The Berkeley poll would seem to underscore that point. For example, 93 percent of California blacks have internet access at home, roughly the same as whites, but 30 percent of blacks connect only because they have a smartphone.
Just 63 percent of black households have broadband compared to 83 percent of white households.
Fewer still Latino households – 54 percent – have broadband at home. And 28 percent of those households have access solely through phones. That adds up to a total home connection rate of 82 percent.
As with broadband, smartphone-only use is largely tied to income.
Only 9 percent of California households earning $100,000 a year or more depend solely on a smartphone for internet connectivity, the Berkeley poll found, compared to 27 percent of households that take home less than $20,000.
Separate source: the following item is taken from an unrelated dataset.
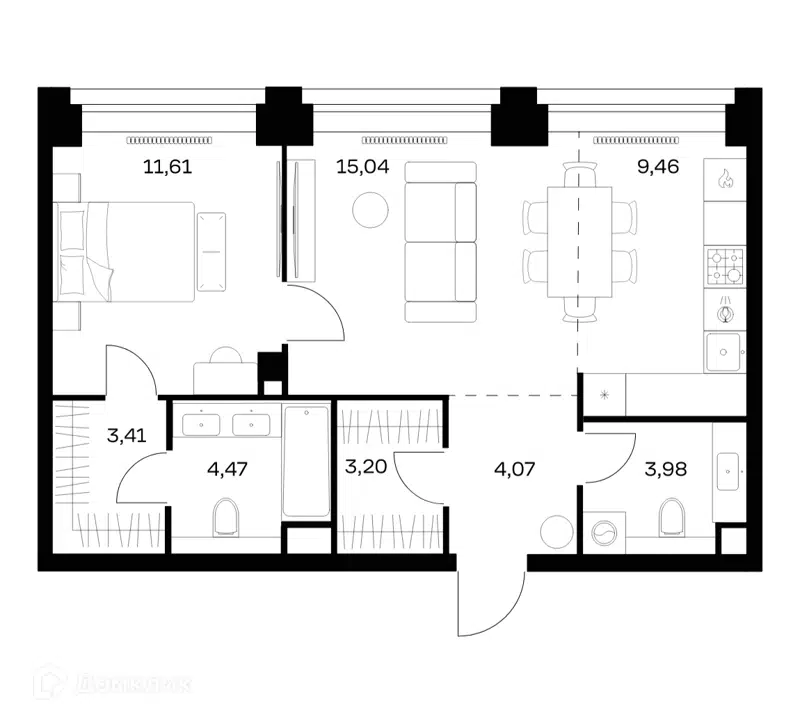 1-комнатная квартира 55.24 м² Нова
In short, the poll reveals a trend that is at the same time both encouraging and concerning.
The smartphone has boosted overall connectivity. But home broadband adoption rates seem to have stalled out and are stuck at about 70 percent.
Some experts maintain that, for everyone to fully benefit from the internet, it is still going to be crucial to get broadband into as many homes as possible. And, for educational purposes, it is going to be important for students to have something besides a smartphone to do homework on.
“We think all options and strategies need to be pursued,” McPeak said.
“Smartphones can be part of the solution,” she said. “However, for the one-third of low-income households with school-age children, the ‘sweet spot’ for a solution is for schools to provide a device to students to take home when their parents have been trained to use the device to support their child’s learning and improve their own quality of life.”